* [Your task]: Would you print the whole listing again, word for word?

* [Given data]:
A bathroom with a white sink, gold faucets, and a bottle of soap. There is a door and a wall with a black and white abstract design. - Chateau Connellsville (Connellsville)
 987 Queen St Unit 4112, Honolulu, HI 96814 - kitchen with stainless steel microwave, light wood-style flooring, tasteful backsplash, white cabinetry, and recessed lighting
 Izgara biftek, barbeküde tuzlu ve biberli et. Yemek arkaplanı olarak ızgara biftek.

* [Task response]:
A bathroom with a white sink, gold faucets, and a bottle of soap. There is a door and a wall with a black and white abstract design. - Chateau Connellsville (Connellsville)
 987 Queen St Unit 4112, Honolulu, HI 96814 - kitchen with stainless steel microwave, light wood-style flooring, tasteful backsplash, white cabinetry, and recessed lighting
 Izgara biftek, barbeküde tuzlu ve biberli et. Yemek arkaplanı olarak ızgara biftek.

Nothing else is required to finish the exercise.